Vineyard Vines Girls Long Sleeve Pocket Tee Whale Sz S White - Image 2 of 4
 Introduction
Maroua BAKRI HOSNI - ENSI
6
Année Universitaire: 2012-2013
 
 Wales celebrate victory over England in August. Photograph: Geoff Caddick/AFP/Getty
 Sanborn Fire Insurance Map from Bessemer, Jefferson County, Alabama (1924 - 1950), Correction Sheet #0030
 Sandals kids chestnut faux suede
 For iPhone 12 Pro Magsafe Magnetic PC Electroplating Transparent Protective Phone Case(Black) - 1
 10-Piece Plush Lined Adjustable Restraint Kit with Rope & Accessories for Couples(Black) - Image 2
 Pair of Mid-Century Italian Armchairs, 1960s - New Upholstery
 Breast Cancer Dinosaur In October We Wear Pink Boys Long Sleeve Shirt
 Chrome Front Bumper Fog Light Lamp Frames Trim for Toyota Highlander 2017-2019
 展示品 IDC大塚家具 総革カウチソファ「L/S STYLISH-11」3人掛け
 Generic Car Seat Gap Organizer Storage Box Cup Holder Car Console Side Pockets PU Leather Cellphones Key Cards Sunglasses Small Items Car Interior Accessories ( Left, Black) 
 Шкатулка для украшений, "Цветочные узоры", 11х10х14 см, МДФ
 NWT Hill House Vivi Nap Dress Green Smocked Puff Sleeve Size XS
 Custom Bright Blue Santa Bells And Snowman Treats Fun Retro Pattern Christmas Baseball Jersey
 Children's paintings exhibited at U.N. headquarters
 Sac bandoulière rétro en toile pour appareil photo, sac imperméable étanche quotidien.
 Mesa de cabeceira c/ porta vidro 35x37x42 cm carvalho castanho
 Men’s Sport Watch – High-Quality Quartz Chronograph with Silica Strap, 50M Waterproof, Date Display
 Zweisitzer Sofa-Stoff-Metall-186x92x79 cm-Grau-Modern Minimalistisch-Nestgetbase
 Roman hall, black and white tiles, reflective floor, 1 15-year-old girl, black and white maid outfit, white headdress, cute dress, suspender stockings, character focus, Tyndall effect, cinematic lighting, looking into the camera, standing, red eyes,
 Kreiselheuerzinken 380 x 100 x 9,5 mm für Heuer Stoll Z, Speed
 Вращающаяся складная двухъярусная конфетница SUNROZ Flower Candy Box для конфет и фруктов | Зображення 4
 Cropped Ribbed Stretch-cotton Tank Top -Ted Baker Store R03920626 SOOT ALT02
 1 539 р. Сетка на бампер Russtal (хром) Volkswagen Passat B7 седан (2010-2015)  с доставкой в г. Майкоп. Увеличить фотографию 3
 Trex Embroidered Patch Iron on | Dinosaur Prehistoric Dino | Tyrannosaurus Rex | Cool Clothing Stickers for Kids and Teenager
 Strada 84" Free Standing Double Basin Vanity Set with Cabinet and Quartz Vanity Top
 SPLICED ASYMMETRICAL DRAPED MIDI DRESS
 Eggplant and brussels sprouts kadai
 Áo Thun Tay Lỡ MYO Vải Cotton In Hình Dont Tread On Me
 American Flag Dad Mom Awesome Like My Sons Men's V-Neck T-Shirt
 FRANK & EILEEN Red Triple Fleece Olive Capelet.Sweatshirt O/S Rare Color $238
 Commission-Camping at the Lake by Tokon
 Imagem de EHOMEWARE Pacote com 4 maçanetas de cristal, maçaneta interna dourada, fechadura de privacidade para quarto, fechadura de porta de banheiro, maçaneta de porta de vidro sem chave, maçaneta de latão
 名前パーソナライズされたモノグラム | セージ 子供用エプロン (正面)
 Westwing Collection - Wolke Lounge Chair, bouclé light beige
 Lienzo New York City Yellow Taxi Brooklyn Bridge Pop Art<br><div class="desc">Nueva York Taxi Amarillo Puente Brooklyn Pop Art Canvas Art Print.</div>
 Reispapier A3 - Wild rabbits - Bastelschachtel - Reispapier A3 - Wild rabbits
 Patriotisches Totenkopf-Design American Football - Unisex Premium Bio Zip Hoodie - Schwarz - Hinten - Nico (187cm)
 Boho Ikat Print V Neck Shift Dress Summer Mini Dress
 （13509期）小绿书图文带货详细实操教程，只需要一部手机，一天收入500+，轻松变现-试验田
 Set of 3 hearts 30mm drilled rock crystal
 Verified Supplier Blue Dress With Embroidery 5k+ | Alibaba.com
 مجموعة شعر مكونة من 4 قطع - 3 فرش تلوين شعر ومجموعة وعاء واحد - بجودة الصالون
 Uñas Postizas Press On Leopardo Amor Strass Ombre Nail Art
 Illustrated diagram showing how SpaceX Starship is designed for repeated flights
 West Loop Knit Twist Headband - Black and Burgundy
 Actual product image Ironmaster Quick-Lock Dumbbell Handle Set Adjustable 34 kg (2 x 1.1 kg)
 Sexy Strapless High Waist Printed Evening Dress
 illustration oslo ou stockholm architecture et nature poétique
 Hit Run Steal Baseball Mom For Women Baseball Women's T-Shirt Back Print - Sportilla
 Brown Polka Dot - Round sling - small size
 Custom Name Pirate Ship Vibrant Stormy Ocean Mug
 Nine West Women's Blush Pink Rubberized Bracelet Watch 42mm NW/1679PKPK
• • • • •
▶ **EXERCISE AIM**
Every line above that holds "porta" should be copied out.

▶ **REPLY TO THE TASK**
 Mesa de cabeceira c/ porta vidro 35x37x42 cm carvalho castanho
 Imagem de EHOMEWARE Pacote com 4 maçanetas de cristal, maçaneta interna dourada, fechadura de privacidade para quarto, fechadura de porta de banheiro, maçaneta de porta de vidro sem chave, maçaneta de latão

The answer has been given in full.